Make these Spicy Shrimp Rolls at home for a fun, easy dinner! You can make them as spicy or as mild as you like — just pull out some frozen shrimp and you can have these shrimp rolls (or bowls!) on the table in under an hour.
Sushi rolls (or maki sushi) seems rather intimidating, but it’s actually quite easy to make simple rolls like this at home.
And WAYYYY less expensive. Going out for sushi is definitly a splurge for us, but those complicated rolls are something that I don’t try to tackle at home, so it’s worth it occasionally.
What’s in Spicy Shrimp Rolls
For these spicy shrimp rolls, you’ll need these components:
- Sushi rice
- Spicy Shrimp Salad
- Cucumbers & Avocado
- Nori wrappers
The easiest way to roll sushi is by using a sushi mat. You can find inexpensive bamboo sushi mats for rolling sushi on Amazon or in an Asian grocery store.
How to make Sushi Rice
Choose short grain or sushi-specific white rice.
Short grain rice is higher in starch which creates stickier rice — ideal for making sushi rolls.

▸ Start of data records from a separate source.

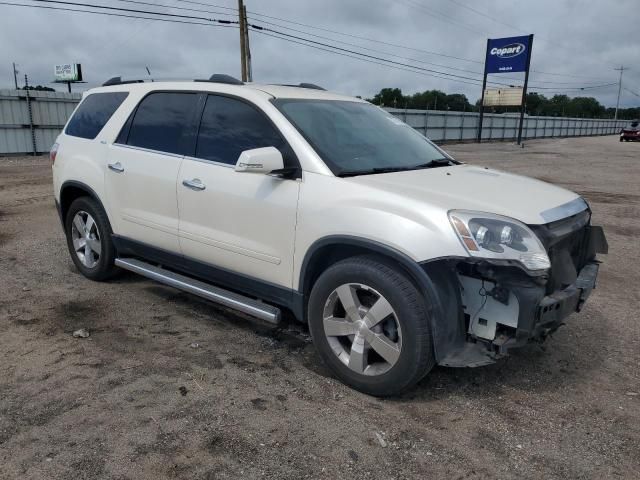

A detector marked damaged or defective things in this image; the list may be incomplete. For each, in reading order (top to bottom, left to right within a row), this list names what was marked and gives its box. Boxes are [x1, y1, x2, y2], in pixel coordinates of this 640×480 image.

front end damage [428, 209, 608, 368]
damaged front bumper [432, 218, 608, 368] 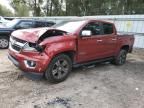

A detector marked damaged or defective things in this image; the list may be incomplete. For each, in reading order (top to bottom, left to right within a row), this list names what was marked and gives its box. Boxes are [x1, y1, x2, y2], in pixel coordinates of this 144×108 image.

damaged red truck [7, 19, 134, 83] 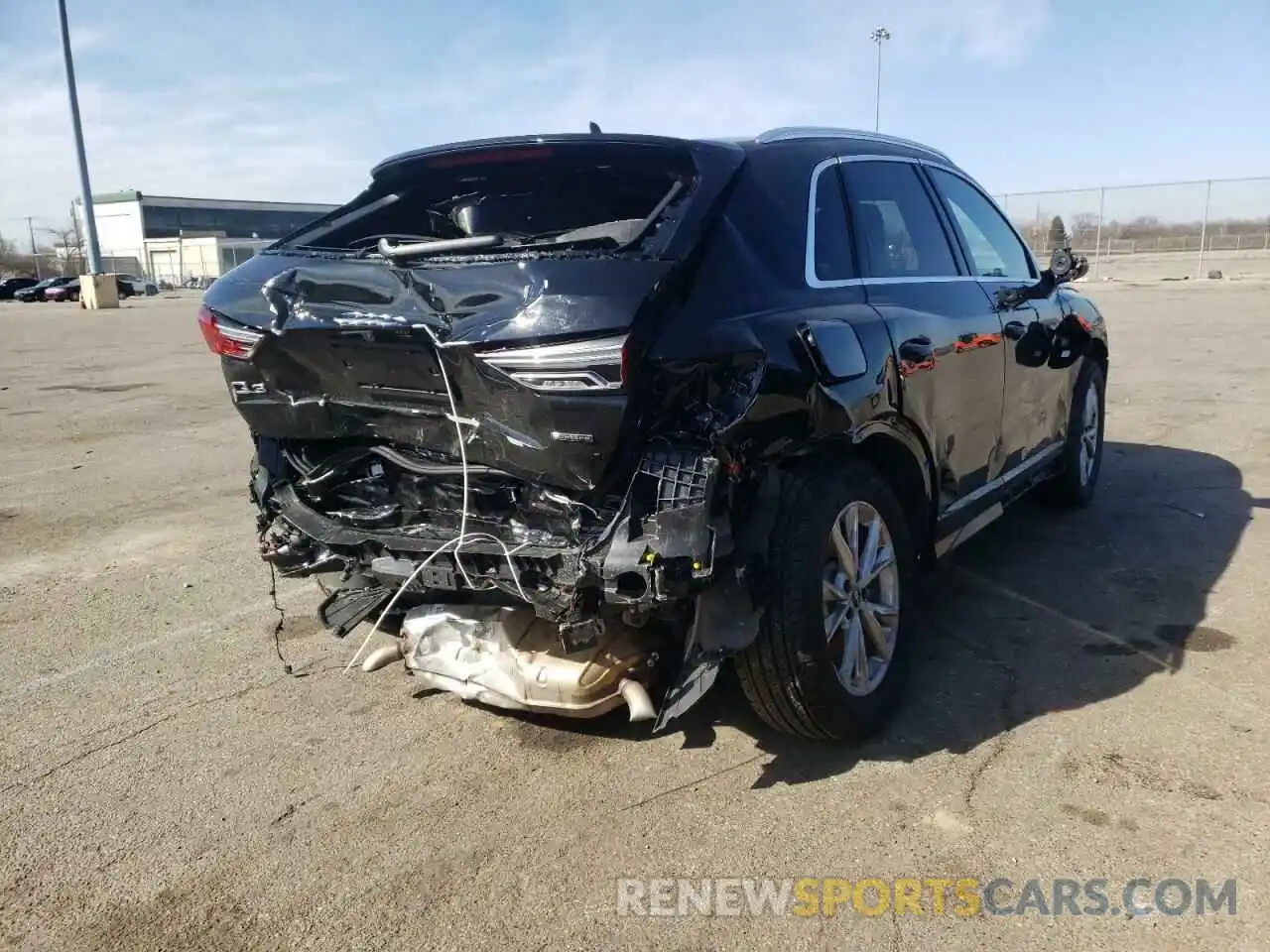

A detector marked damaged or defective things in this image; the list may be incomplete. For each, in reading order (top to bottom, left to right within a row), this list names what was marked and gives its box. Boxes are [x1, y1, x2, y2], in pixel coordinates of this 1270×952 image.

shattered rear windshield [280, 141, 696, 257]
broken taillight housing [197, 305, 262, 360]
broken taillight housing [477, 334, 627, 396]
damaged rear end of car [197, 134, 751, 726] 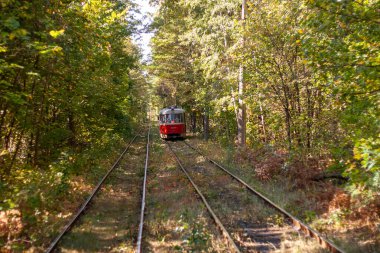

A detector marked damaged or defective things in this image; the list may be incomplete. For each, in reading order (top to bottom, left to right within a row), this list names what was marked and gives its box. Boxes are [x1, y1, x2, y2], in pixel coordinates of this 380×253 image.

rusty rail [166, 140, 240, 253]
rusty rail [183, 140, 344, 253] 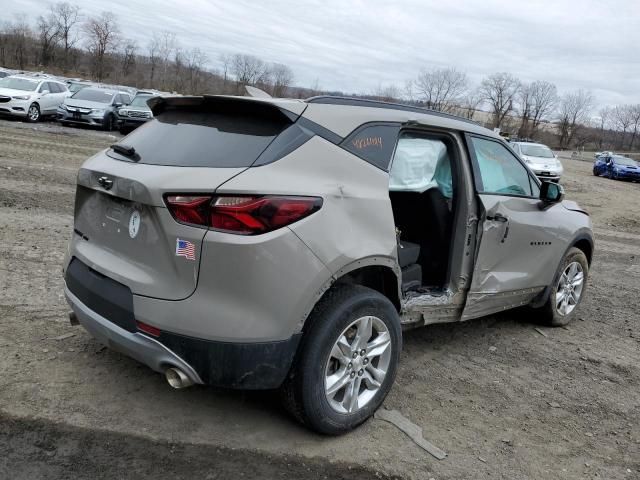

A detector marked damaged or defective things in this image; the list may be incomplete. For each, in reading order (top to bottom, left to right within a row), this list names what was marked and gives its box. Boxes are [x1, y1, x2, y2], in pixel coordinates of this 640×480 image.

damaged chevrolet blazer [62, 94, 592, 436]
broken side mirror [540, 181, 564, 209] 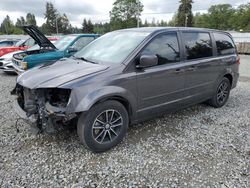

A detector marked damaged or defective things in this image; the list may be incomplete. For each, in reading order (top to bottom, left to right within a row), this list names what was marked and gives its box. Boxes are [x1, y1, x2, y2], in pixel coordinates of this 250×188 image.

crumpled hood [16, 58, 108, 89]
damaged front end [11, 84, 76, 133]
front bumper damage [11, 84, 76, 133] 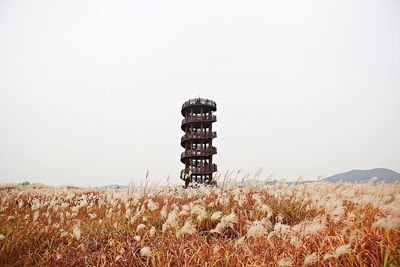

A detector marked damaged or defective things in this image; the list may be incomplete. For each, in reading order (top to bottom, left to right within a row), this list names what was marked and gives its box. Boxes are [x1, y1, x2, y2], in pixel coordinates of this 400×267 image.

rusty metal tower [181, 97, 219, 187] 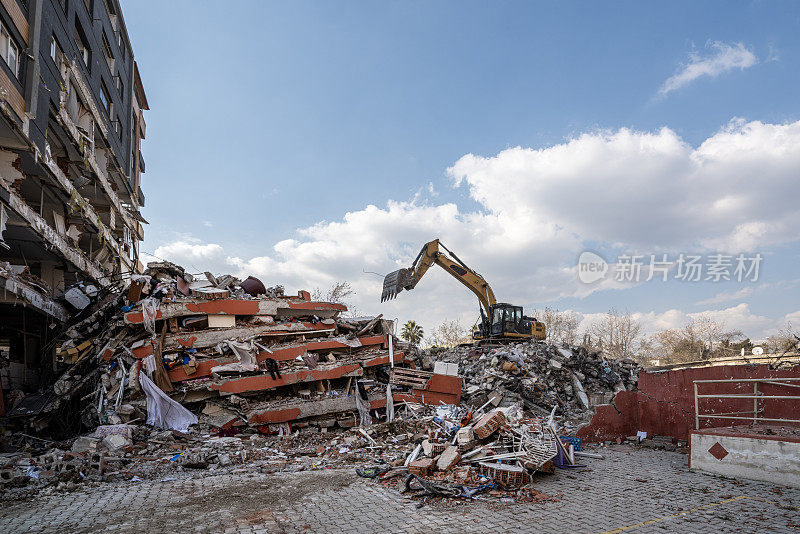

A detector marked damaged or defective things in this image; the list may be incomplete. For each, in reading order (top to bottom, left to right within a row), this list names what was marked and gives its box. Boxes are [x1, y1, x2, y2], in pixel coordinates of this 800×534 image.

broken window [0, 21, 20, 78]
broken window [74, 21, 90, 66]
damaged apartment building [0, 0, 147, 402]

Try to find short grain white rice or rice that is specifically labeled as “sushi rice” for best results.
Soak the rice
Usually you’d make fluffy rice by rinsing the rice until the water runs clear, but in this case you want to soak the rice and then cook the rice in the water you soaked the rice in.
This only takes about 15 min, so you can start gathering the rest of the ingredients for your components.
Cook the rice
Even though I have a rice cooker, I like to do this on the stovetop so I can have more control over the steaming. Sometimes extra starchy rice burns or sticks to the pot in my Instant Pot, so I like to do it in a smaller pot on the stove.
Bring the rice to a boil, then reduce the heat to medium low, cover, and simmer fro 15 minutes.
Remove the pot from the stove and let it sit for another 10-15 min, covered.
Make the sushi dressing
Combine the rice vinegar, sugar, and salt in a small bowl and mix well until the salt and sugar is dissolved.
Finish the sushi rice
Transfer the rice to a medium or large bowl. I do this so the rice cools more quickly.
Pour the dressing over the finished sushi rice and cover the bowl with a tea towel.
Ideally the sushi rice should be close to room temperature when you use it, so set it aside while you finish prepping the other components.
Make the Spicy Shrimp Salad
Cook the shrimp in a skillet with the lime juice and either tamari or coconut aminos (if you’re avoiding soy).
Transfer it to a food processor and pulse a few times to chop it roughly.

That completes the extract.